2. La goutte : c’est un syndrome constitué d’arthrites aiguës récidivantes et d’infiltration
urique des tissus qui progresse lentement.
• La goutte est classiquement décrite comme suivant une évolution en trois étapes :
• hyperuricémie asymptomatique,
• goutte aigue et
• goutte chronique ou tophacée.
• La première crise affecte le membre inferieur (85 a 90 % des cas) incluant
l’articulation mediotarsienne, tibiotarsienne et le genou.
• L’évolution est spontanément favorable en 5 a 10 jours. La bonne réponse a un
traitement par colchicine en 48 heures est un élément diagnostique supplémentaire.

IV. Traitement :
• Le traitement de la crise continue de reposer sur la colchicine et/ou les anti-
inflammatoires non stéroïdiens.
• La présence d’une maladie goutteuse (plus de trois crises) peut faire retenir
l’indication d’un traitement hypo-uricémiant (uricofreinateurs ou
uricoéliminateurs),
• Des mesures hygiénodiététiques d’usage.
Plusieurs thérapeutiques sont disponibles.
1. Les gouttières :
• Si l’occlusion n’est pas en cause dans le déclenchement des arthrites, il est clair que
les surcharges articulaires participent à l’aggravation de la maladie en favorisant les
résorptions osseuses.
• Une malocclusion prédisposant à ces augmentations de pressions sera un facteur
aggravant de l’arthrite.
• La gouttière permet une mise au repos de l’ATM et favorise ainsi la récupération
articulaire
• En cas d’absence de défauts majeurs d’occlusion, le port seul de la gouttière est
proposé.
• gouttière de libération occlusale, de décompression, ou de désengrènement, le principe
en est identique : assurer une diminution de la pression intra-articulaire.
2. Les anti-inflammatoires non stéroïdiens et autres traitements intra-
articulaires :
• Les anti-inflammatoires en injection intra-articulaire donnent dans un premier
temps de bons résultats, mais à long terme, les choses sont plus discutables,
favorisant l’ostéolyse.
• Par voie générale, les traitements médicamenteux peuvent apporter une
amélioration certaine sur la symptomatologie.

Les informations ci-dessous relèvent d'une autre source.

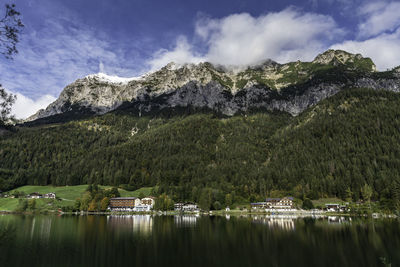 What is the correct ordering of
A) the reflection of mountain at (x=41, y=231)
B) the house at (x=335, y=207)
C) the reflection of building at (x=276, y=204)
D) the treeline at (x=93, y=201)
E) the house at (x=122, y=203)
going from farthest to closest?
the house at (x=122, y=203)
the reflection of building at (x=276, y=204)
the treeline at (x=93, y=201)
the house at (x=335, y=207)
the reflection of mountain at (x=41, y=231)

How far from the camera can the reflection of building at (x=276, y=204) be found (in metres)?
151

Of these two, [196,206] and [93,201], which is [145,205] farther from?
[196,206]

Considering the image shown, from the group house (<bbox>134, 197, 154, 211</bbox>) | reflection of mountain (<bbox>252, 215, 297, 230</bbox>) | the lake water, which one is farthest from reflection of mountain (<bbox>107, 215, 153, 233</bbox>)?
house (<bbox>134, 197, 154, 211</bbox>)

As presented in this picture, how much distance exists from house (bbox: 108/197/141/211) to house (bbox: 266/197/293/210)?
85803 mm

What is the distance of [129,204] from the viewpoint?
162750 mm

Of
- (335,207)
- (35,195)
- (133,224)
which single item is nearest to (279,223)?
(133,224)

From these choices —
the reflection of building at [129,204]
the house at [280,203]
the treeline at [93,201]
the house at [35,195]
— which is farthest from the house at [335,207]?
the house at [35,195]

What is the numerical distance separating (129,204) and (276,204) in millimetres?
94367

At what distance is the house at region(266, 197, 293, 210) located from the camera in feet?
496

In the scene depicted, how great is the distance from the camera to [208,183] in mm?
180625

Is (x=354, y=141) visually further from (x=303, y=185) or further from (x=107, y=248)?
(x=107, y=248)

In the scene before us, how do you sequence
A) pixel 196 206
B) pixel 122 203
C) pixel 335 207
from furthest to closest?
pixel 122 203 → pixel 196 206 → pixel 335 207

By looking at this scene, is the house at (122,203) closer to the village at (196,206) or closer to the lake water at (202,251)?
the village at (196,206)

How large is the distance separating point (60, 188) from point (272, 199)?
152m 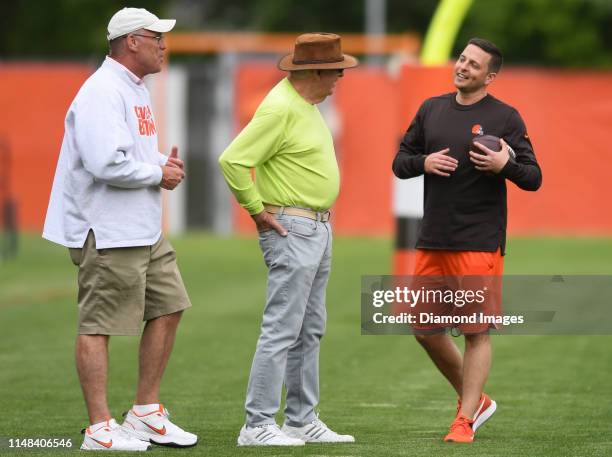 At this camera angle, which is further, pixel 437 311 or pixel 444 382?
pixel 444 382

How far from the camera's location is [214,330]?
12914 mm

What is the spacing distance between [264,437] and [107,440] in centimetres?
77

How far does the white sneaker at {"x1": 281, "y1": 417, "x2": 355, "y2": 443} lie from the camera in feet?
23.8

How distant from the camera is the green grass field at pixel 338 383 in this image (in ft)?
24.1

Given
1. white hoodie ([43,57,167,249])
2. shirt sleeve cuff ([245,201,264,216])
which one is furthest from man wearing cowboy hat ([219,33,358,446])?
white hoodie ([43,57,167,249])

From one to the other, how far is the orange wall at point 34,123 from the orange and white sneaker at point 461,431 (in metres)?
20.8

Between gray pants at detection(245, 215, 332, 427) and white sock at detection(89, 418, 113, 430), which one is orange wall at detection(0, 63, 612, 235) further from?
white sock at detection(89, 418, 113, 430)

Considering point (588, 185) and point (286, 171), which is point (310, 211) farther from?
point (588, 185)

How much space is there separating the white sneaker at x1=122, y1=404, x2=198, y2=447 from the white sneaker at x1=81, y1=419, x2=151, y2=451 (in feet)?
0.71

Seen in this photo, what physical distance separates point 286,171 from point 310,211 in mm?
231

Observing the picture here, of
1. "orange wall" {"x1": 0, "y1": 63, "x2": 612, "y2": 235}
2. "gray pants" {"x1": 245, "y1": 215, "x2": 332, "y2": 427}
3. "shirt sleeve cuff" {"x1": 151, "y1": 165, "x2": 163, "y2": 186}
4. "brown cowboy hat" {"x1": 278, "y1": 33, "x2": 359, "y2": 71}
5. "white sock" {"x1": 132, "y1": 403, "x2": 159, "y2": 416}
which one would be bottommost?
"orange wall" {"x1": 0, "y1": 63, "x2": 612, "y2": 235}

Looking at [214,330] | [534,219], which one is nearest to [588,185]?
[534,219]

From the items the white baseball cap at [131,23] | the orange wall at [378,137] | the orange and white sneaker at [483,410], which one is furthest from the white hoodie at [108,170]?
the orange wall at [378,137]

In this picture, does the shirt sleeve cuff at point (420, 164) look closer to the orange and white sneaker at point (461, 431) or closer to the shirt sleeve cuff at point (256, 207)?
the shirt sleeve cuff at point (256, 207) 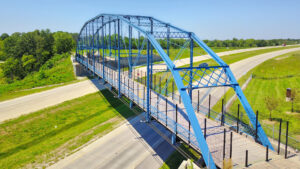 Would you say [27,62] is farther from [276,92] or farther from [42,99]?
[276,92]

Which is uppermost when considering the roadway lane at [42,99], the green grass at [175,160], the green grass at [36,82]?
the green grass at [36,82]

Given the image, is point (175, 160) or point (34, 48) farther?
point (34, 48)

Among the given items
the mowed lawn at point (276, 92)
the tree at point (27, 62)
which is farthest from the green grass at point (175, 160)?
the tree at point (27, 62)

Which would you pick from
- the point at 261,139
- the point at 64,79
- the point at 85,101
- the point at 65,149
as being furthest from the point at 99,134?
the point at 64,79

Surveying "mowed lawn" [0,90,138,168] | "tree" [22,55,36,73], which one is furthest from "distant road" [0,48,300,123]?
"tree" [22,55,36,73]

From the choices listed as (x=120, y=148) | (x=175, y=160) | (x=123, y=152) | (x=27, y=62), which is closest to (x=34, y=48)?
(x=27, y=62)

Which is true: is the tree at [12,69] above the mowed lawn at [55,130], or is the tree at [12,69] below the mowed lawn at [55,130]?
above

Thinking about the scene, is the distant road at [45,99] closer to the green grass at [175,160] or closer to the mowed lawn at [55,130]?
the mowed lawn at [55,130] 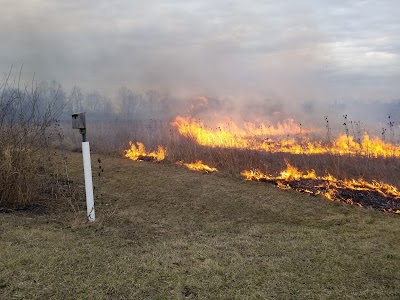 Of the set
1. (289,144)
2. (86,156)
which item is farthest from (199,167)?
(289,144)

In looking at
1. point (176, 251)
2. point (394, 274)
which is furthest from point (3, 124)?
point (394, 274)

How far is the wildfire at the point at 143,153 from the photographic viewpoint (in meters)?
11.7

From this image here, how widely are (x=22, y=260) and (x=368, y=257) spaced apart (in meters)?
4.23

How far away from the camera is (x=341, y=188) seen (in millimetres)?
8141

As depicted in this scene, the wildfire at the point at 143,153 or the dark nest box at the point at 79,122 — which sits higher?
the dark nest box at the point at 79,122

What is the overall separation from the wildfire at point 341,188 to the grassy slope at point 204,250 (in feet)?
1.70

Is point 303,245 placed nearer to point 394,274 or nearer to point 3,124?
point 394,274

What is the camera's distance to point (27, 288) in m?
3.54

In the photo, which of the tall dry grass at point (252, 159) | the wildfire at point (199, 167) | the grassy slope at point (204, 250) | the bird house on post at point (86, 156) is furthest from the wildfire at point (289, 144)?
the bird house on post at point (86, 156)

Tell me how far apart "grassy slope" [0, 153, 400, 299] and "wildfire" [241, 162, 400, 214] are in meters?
0.52

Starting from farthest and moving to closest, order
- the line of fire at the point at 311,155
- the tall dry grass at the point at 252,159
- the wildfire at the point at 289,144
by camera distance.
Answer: the wildfire at the point at 289,144 → the tall dry grass at the point at 252,159 → the line of fire at the point at 311,155

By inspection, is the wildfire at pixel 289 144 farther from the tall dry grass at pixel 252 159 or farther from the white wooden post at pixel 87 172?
the white wooden post at pixel 87 172

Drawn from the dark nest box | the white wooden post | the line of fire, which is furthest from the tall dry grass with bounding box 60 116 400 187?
the dark nest box

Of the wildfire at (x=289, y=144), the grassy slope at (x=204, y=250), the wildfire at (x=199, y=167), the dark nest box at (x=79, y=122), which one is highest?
the dark nest box at (x=79, y=122) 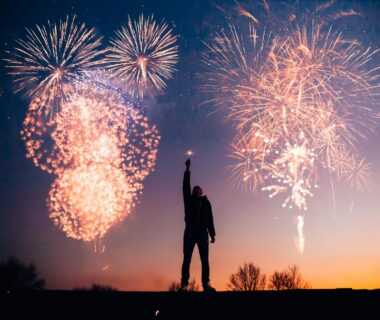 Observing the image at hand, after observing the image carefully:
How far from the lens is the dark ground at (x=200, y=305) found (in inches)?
183

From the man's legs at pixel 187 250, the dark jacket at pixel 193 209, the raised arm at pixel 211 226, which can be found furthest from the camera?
the raised arm at pixel 211 226

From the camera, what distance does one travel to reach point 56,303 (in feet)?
15.7

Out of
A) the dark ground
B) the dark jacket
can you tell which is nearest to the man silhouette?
the dark jacket

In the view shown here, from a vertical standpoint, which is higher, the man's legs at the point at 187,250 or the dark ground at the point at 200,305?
the man's legs at the point at 187,250

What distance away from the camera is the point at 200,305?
15.5 feet

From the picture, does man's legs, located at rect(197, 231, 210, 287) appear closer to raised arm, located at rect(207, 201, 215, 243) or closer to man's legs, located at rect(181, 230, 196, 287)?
man's legs, located at rect(181, 230, 196, 287)

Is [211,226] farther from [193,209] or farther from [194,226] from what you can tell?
[193,209]

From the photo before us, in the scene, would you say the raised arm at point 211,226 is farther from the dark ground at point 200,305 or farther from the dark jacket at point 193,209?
the dark ground at point 200,305

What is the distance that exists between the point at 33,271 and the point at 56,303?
41651mm

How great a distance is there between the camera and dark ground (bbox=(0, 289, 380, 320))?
464 centimetres

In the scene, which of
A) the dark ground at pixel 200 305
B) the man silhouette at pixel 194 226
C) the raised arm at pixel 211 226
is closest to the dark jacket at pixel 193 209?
the man silhouette at pixel 194 226

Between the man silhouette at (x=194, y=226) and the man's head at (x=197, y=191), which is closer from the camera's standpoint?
the man silhouette at (x=194, y=226)

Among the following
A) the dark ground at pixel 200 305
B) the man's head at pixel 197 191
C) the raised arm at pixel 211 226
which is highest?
the man's head at pixel 197 191

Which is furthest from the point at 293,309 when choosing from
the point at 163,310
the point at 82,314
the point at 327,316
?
the point at 82,314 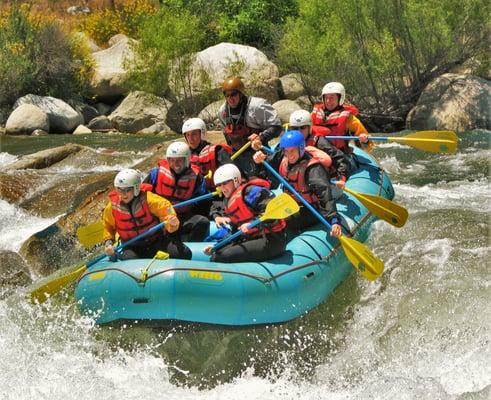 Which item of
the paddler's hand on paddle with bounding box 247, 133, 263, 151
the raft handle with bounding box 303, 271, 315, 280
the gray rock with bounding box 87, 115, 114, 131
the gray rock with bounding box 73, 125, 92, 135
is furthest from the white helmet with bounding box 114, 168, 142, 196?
the gray rock with bounding box 87, 115, 114, 131

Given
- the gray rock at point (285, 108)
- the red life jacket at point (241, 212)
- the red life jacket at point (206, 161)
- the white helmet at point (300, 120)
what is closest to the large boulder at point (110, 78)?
the gray rock at point (285, 108)

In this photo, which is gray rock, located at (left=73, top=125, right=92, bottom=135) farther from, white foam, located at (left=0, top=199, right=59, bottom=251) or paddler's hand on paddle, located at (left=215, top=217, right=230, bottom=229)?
paddler's hand on paddle, located at (left=215, top=217, right=230, bottom=229)

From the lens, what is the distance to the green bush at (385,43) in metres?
14.4

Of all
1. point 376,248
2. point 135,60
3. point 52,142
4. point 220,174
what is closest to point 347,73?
point 135,60

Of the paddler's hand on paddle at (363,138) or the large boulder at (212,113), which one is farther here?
the large boulder at (212,113)

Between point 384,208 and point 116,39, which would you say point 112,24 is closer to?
point 116,39

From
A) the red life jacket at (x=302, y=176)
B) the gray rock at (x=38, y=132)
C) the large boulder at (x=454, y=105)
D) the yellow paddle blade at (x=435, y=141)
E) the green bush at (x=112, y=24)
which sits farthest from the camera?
the green bush at (x=112, y=24)

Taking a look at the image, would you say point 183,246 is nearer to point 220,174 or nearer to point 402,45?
point 220,174

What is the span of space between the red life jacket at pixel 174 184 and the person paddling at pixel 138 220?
1.11ft

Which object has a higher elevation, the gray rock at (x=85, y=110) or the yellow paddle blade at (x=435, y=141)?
the yellow paddle blade at (x=435, y=141)

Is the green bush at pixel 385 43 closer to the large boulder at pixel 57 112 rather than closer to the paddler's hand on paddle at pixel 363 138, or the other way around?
the large boulder at pixel 57 112

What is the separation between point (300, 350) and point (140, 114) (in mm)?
14688

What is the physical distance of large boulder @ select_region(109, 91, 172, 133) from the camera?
18.8 meters

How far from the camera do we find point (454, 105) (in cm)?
1471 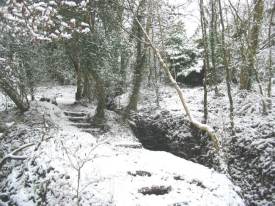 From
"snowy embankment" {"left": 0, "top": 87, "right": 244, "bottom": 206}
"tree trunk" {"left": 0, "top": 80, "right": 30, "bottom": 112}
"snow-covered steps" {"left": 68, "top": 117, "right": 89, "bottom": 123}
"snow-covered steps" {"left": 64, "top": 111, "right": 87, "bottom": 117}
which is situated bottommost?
"snowy embankment" {"left": 0, "top": 87, "right": 244, "bottom": 206}

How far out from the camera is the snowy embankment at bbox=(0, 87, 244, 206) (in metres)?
5.91

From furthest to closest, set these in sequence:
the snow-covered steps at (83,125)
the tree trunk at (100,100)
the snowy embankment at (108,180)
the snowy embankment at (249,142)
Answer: the tree trunk at (100,100)
the snow-covered steps at (83,125)
the snowy embankment at (249,142)
the snowy embankment at (108,180)

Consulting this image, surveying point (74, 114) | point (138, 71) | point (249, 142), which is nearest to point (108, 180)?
point (249, 142)

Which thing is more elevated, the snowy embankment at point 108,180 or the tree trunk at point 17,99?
the tree trunk at point 17,99

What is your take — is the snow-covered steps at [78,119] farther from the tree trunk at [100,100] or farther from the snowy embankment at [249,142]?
the snowy embankment at [249,142]

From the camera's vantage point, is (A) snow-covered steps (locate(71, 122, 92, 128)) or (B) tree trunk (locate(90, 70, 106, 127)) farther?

3. La chirurgie ortho gnathique :


• Ces chirurgies peuvent être proposées avec des résultats satisfaisants.
• Il faut toutefois garder en tête le risque de dégradation de résultat, en particulier
vertical lorsqu’une évolution de la maladie rhumatismale est présente
(dysmorphose ++).
• Il est donc important de rappeler que la chirurgie orthognathique ne traite pas la
maladie rhumatismale, mais ses conséquences architecturales.

5. Les chirurgies articulaires : ont des indications de « seconde » intention.


L’arsenal chirurgical comprend :
• Les lavages articulaires,
• Les chirurgies d’exérèse des tissus inflammatoires,
• La chirurgie des ankyloses,
• Les remplacements articulaires.

Conclusion :

• Bien que longtemps sous-estimées, les pathologies inflammatoires des ATM sont, en fait,
fréquentes. La prise en charge d’un patient porteur d’une PI doit faire évaluer les fonctions
articulaires à la recherche d’un processus rhumatismal .
• Dans ce contexte, certains signes doivent alerter le clinicien tels que des douleurs articulaires
de caractère inflammatoire, un profil hyperdivergent marqué ou tout autre signe témoignant de
dysfonctions de l’appareil discoligamentaire.
• Les données radiographiques permettent d’évaluer assez facilement les atteintes articulaires et
plus largement leurs conséquences sur l’architecture.